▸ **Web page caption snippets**
+++
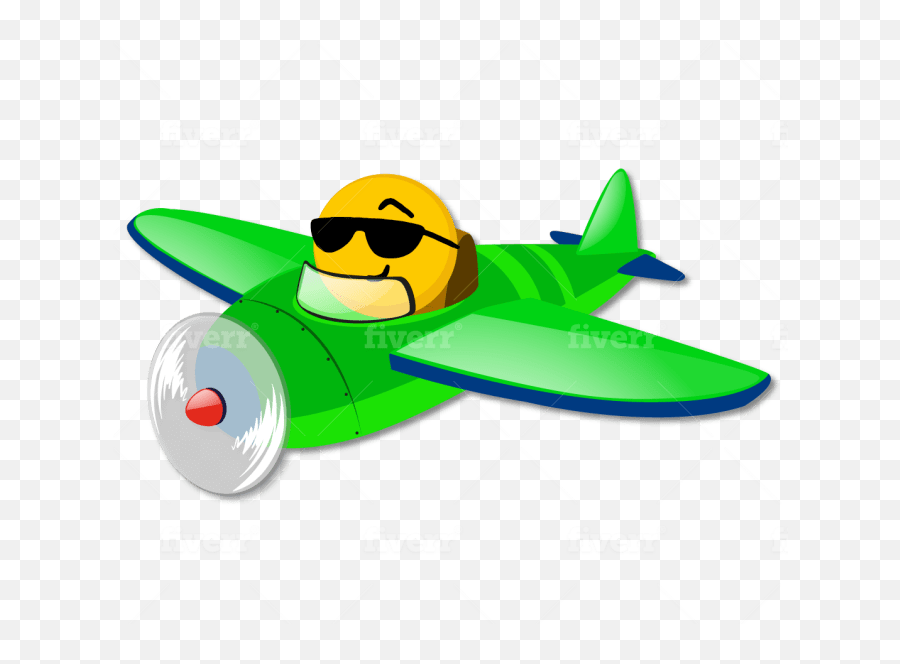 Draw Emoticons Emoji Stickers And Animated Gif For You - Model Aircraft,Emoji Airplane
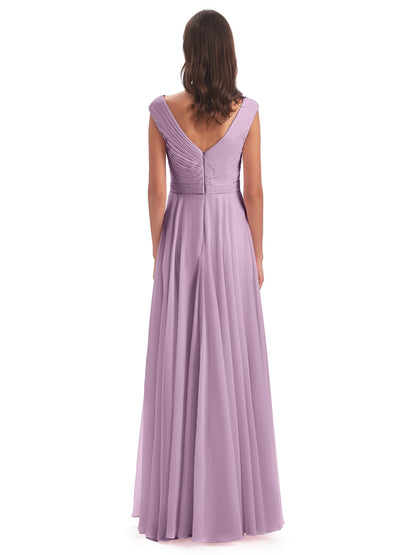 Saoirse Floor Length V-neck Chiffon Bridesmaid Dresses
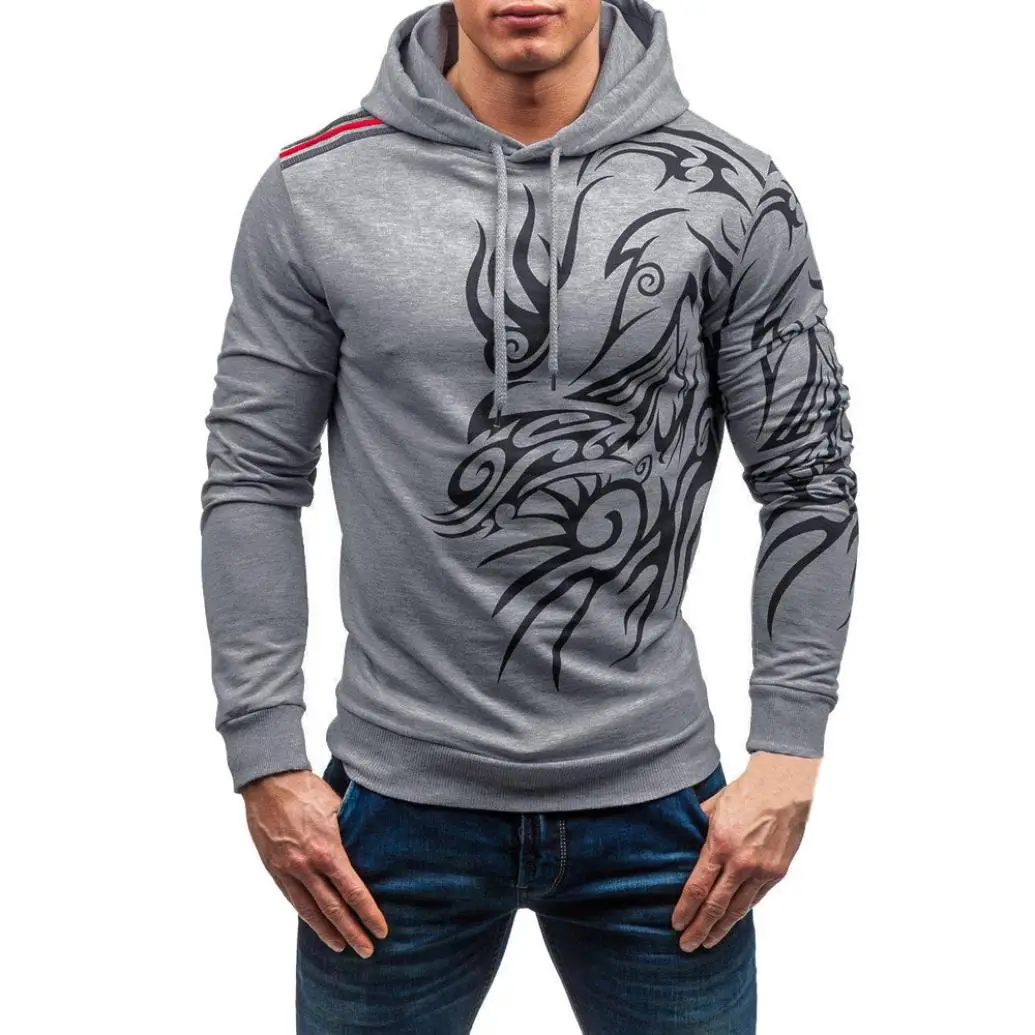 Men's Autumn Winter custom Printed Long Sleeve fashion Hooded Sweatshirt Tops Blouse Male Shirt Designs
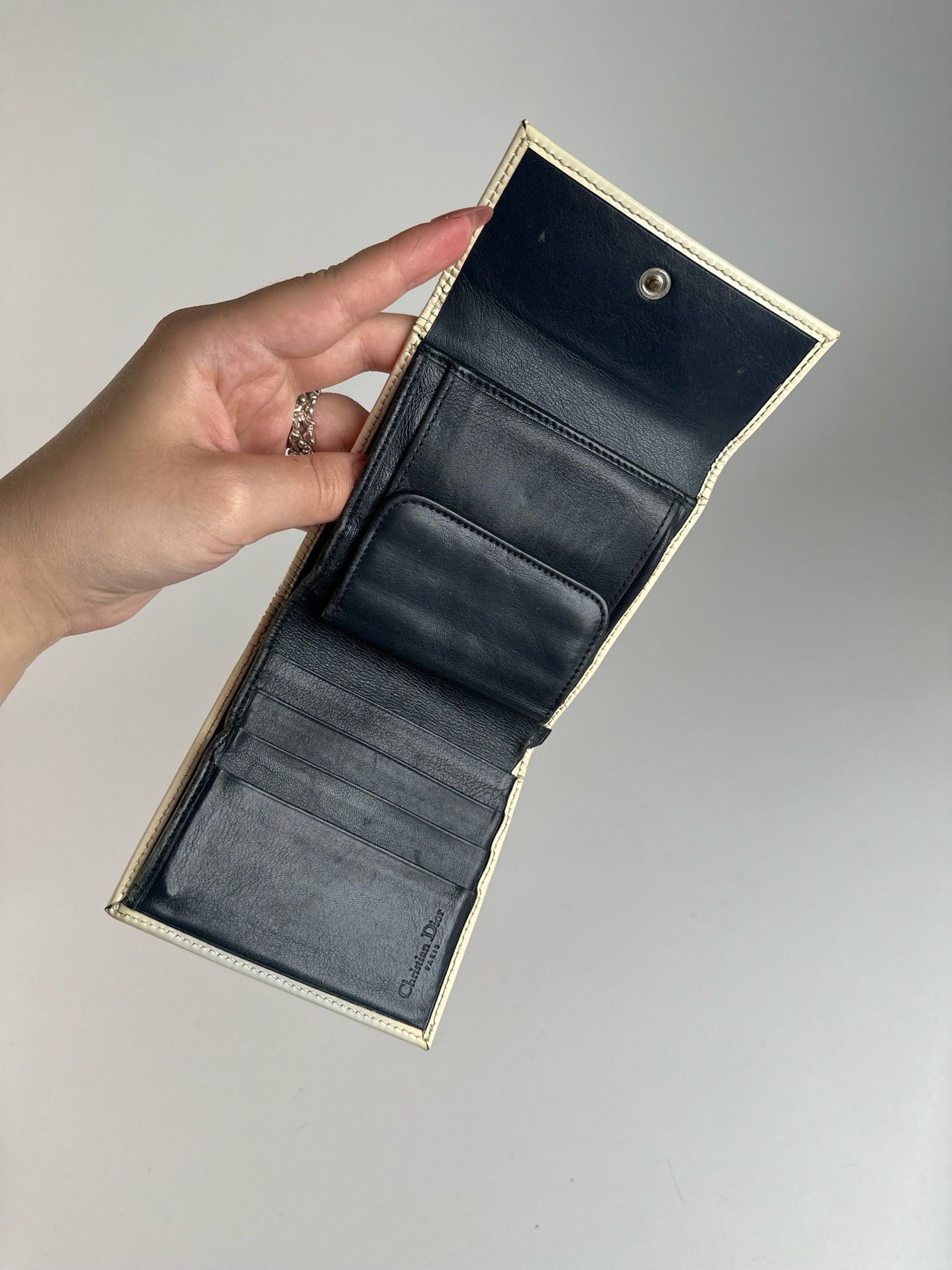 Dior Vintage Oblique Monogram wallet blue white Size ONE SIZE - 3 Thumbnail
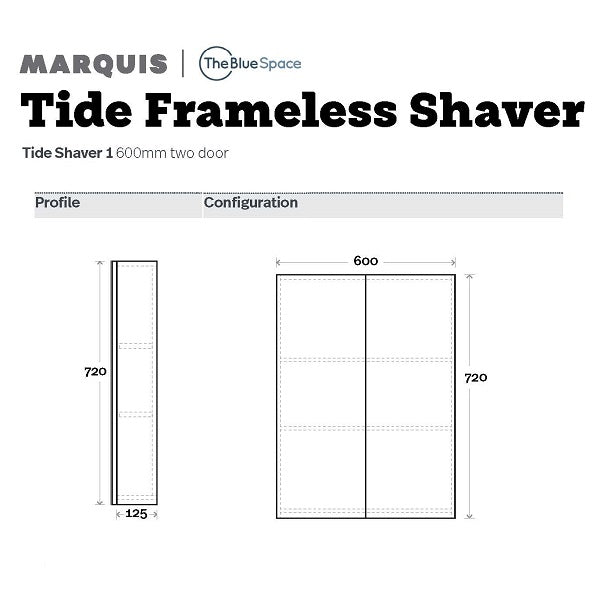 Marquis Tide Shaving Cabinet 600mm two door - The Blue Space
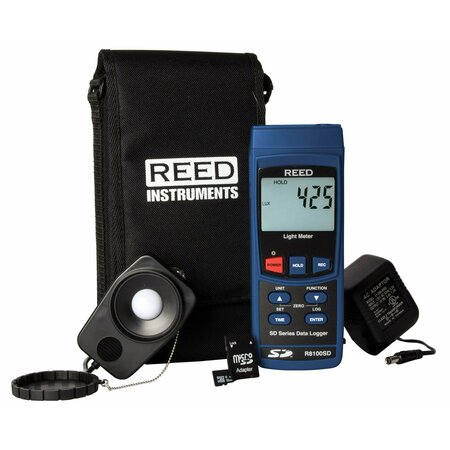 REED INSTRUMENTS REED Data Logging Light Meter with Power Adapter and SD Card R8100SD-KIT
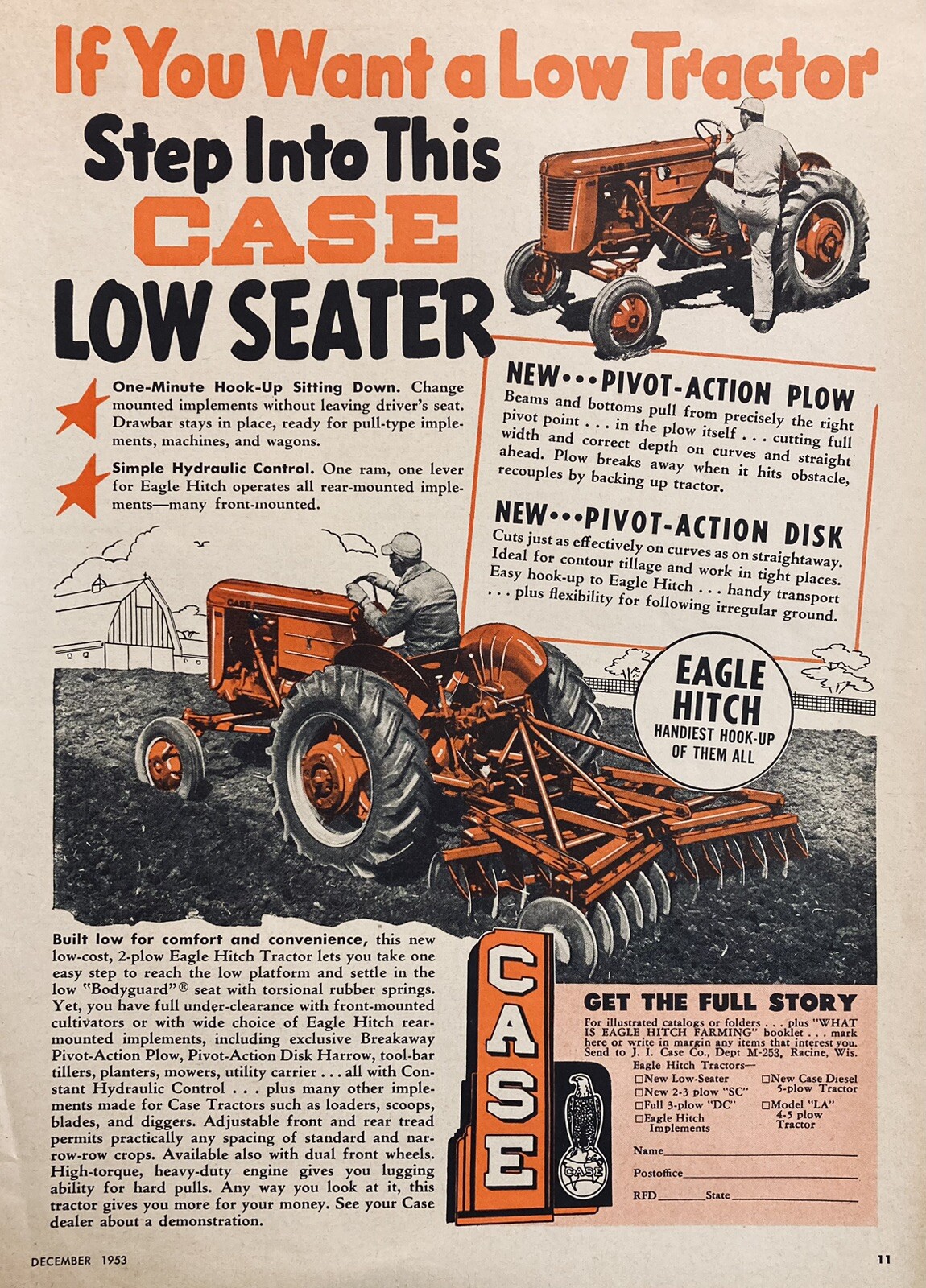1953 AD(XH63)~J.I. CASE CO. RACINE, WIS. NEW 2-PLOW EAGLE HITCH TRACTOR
+++
Copy all the entries word for word. Omit any pictures.

 Draw Emoticons Emoji Stickers And Animated Gif For You - Model Aircraft,Emoji Airplane
 Saoirse Floor Length V-neck Chiffon Bridesmaid Dresses
 Men's Autumn Winter custom Printed Long Sleeve fashion Hooded Sweatshirt Tops Blouse Male Shirt Designs
 Dior Vintage Oblique Monogram wallet blue white Size ONE SIZE - 3 Thumbnail
 Marquis Tide Shaving Cabinet 600mm two door - The Blue Space
 REED INSTRUMENTS REED Data Logging Light Meter with Power Adapter and SD Card R8100SD-KIT
1953 AD(XH63)~J.I. CASE CO. RACINE, WIS. NEW 2-PLOW EAGLE HITCH TRACTOR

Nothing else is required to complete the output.